(GIVEN DATA Opens)

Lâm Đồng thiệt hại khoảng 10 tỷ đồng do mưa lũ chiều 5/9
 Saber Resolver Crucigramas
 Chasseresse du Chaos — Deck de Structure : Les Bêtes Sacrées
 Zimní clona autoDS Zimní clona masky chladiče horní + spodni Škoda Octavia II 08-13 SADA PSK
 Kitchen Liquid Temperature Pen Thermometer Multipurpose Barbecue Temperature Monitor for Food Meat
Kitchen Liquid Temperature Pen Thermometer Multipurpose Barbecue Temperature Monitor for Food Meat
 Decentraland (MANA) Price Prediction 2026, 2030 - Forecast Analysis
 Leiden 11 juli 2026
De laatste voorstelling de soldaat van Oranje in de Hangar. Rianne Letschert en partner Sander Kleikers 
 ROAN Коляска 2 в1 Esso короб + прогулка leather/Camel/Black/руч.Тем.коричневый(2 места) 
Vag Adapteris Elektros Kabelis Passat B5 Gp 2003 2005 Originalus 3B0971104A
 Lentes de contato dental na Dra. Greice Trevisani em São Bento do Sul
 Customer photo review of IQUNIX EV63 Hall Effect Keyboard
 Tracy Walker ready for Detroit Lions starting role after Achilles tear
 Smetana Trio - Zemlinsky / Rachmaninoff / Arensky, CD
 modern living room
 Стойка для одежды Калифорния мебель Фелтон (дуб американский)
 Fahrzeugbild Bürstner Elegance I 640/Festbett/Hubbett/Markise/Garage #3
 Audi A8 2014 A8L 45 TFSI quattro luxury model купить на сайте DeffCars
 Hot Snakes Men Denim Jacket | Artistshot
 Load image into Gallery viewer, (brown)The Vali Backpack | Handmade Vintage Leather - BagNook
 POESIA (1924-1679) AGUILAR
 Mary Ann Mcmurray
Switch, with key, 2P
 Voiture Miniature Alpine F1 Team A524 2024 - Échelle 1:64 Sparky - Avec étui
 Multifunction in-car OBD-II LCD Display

(GIVEN DATA Closes)

= WORK REQUEST =
Transcribe the records above exactly, beginning at the line that contains "Chasseresse du Chaos" and ending with the line that contains "De laatste voorstelling", both included, and nothing else.

= TASK OUTPUT =
 Chasseresse du Chaos — Deck de Structure : Les Bêtes Sacrées
 Zimní clona autoDS Zimní clona masky chladiče horní + spodni Škoda Octavia II 08-13 SADA PSK
 Kitchen Liquid Temperature Pen Thermometer Multipurpose Barbecue Temperature Monitor for Food Meat
Kitchen Liquid Temperature Pen Thermometer Multipurpose Barbecue Temperature Monitor for Food Meat
 Decentraland (MANA) Price Prediction 2026, 2030 - Forecast Analysis
 Leiden 11 juli 2026
De laatste voorstelling de soldaat van Oranje in de Hangar. Rianne Letschert en partner Sander Kleikers 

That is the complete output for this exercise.